** Opening DATA TO EXAMINE block **
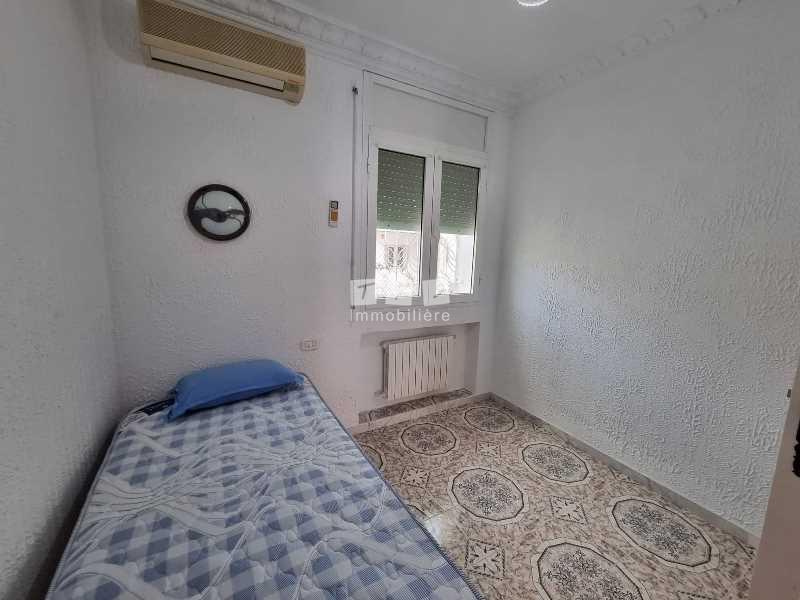vente villa Tunisie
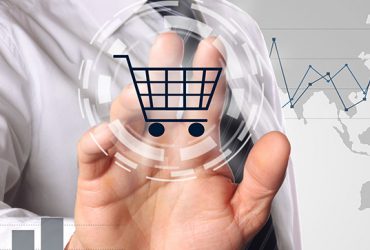 اصول مدیریت موجودی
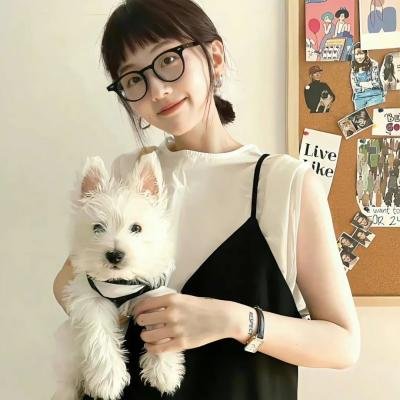 兵团岁月 在线观看封面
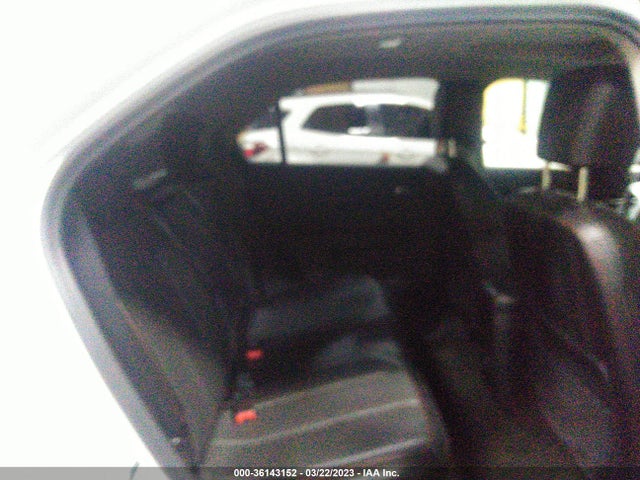 Chevrolet EQUINOX LT 2017 2GNFLFEK3H6136180 Image 9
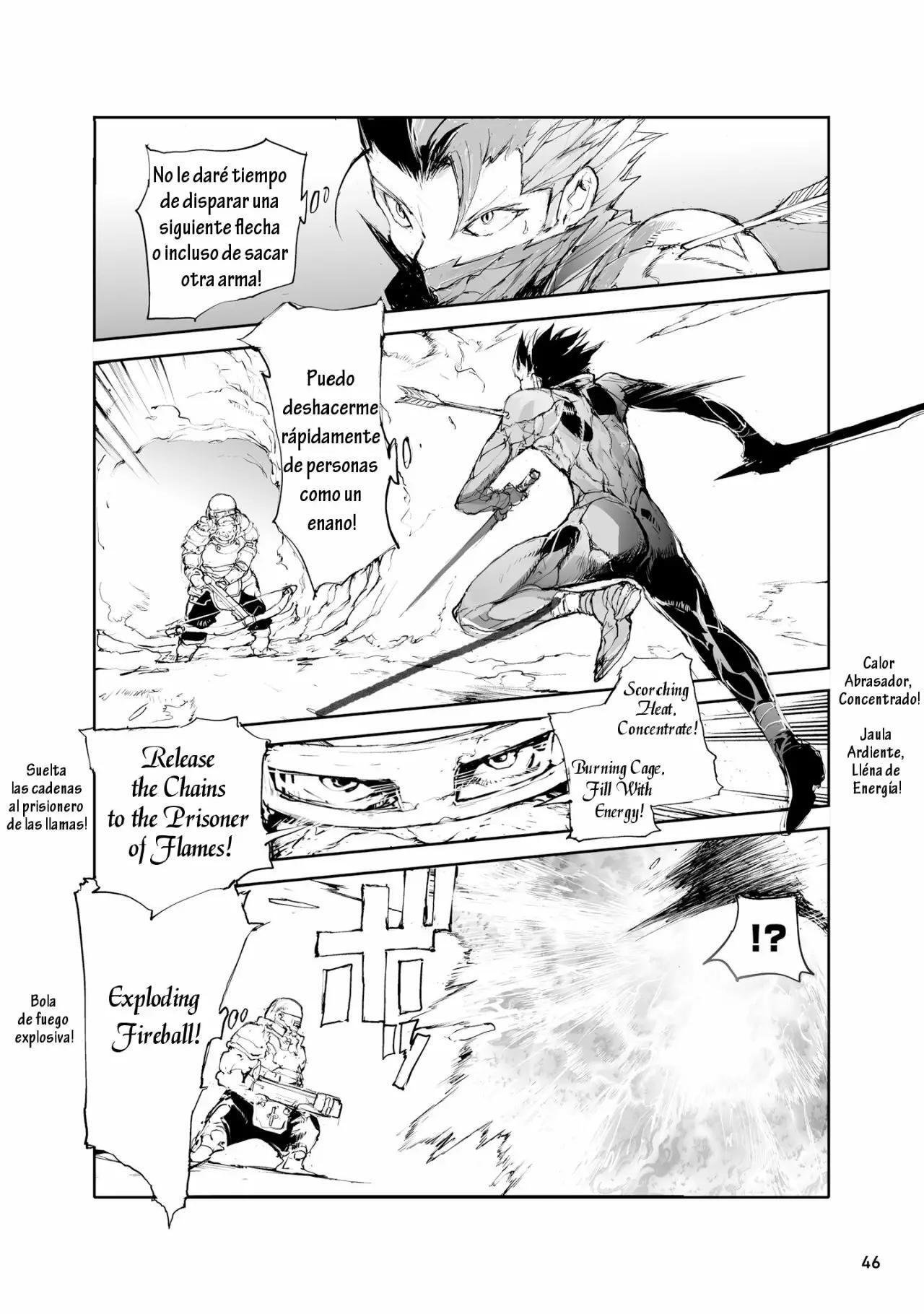 Capitulo 32 page 7
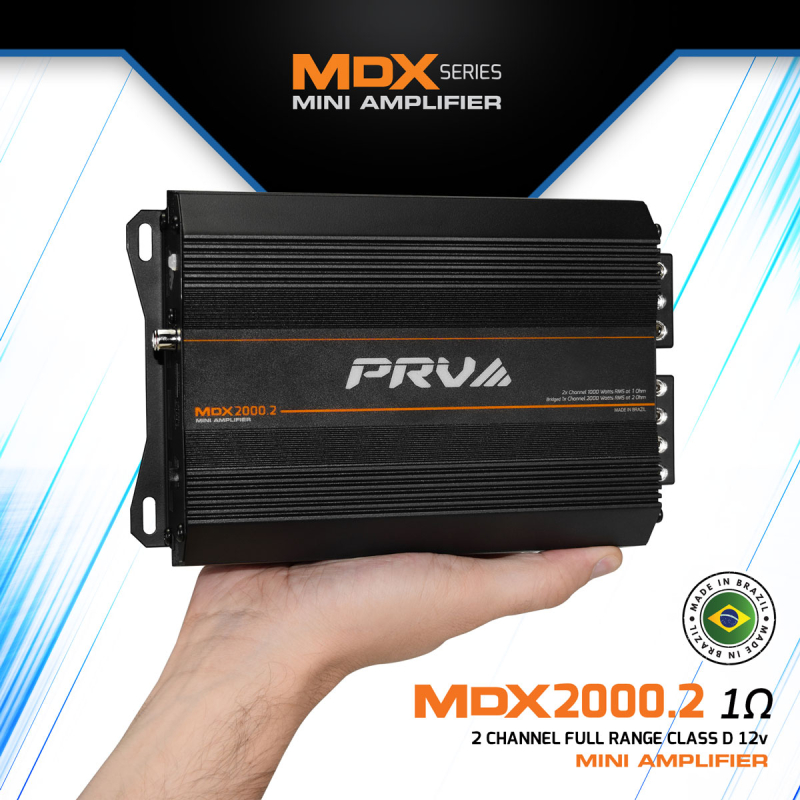 Additional product image
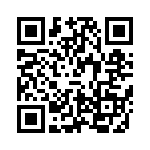 VE-J6Z-EX-F2 QRCode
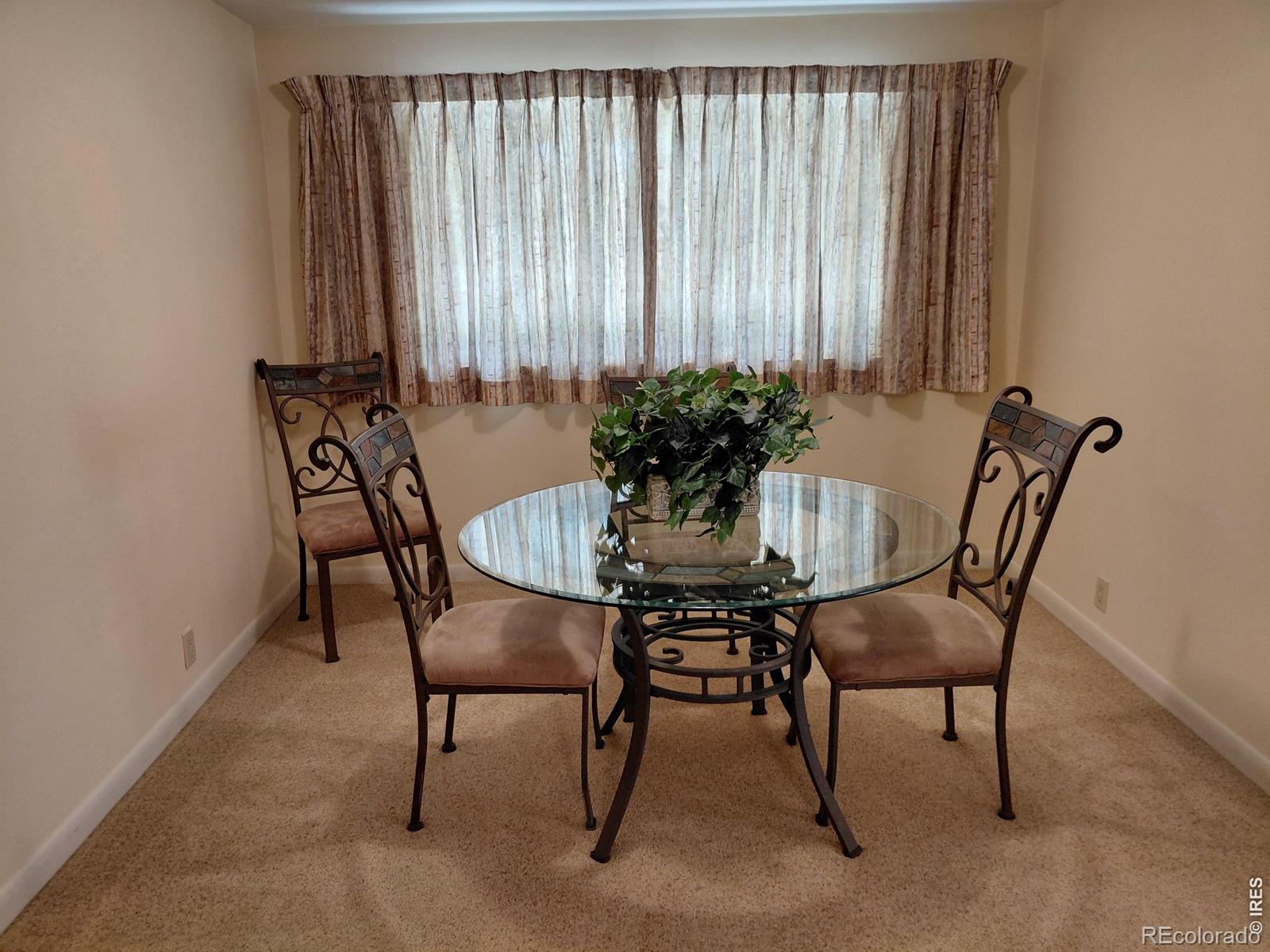 MLS Image #12 for 3400  orchard drive,laporte, Colorado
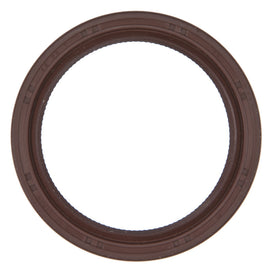 Fel-Pro TCS 46135 Engine Crankshaft Seal Kit for Nissan Titan and Armada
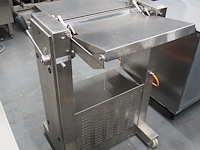 Maja - afbeelding 3 van  9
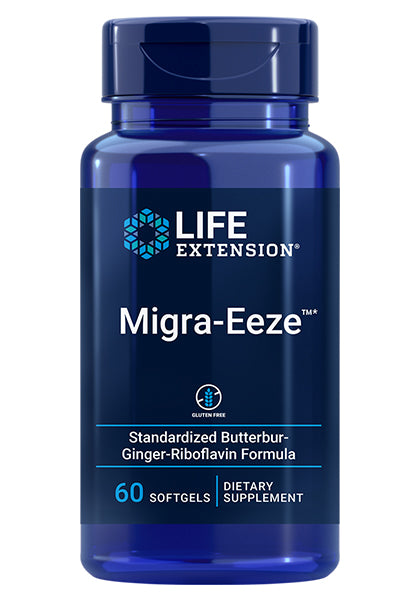 migra-eeze (1).jpg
** Closing DATA TO EXAMINE block **
### PROBLEM STATEMENT
Leave out every picture, and copy exactly the lines from the line that contains "MLS Image #12" through the end of the material.

### ANSWER AREA
 MLS Image #12 for 3400  orchard drive,laporte, Colorado
 Fel-Pro TCS 46135 Engine Crankshaft Seal Kit for Nissan Titan and Armada
 Maja - afbeelding 3 van  9
 migra-eeze (1).jpg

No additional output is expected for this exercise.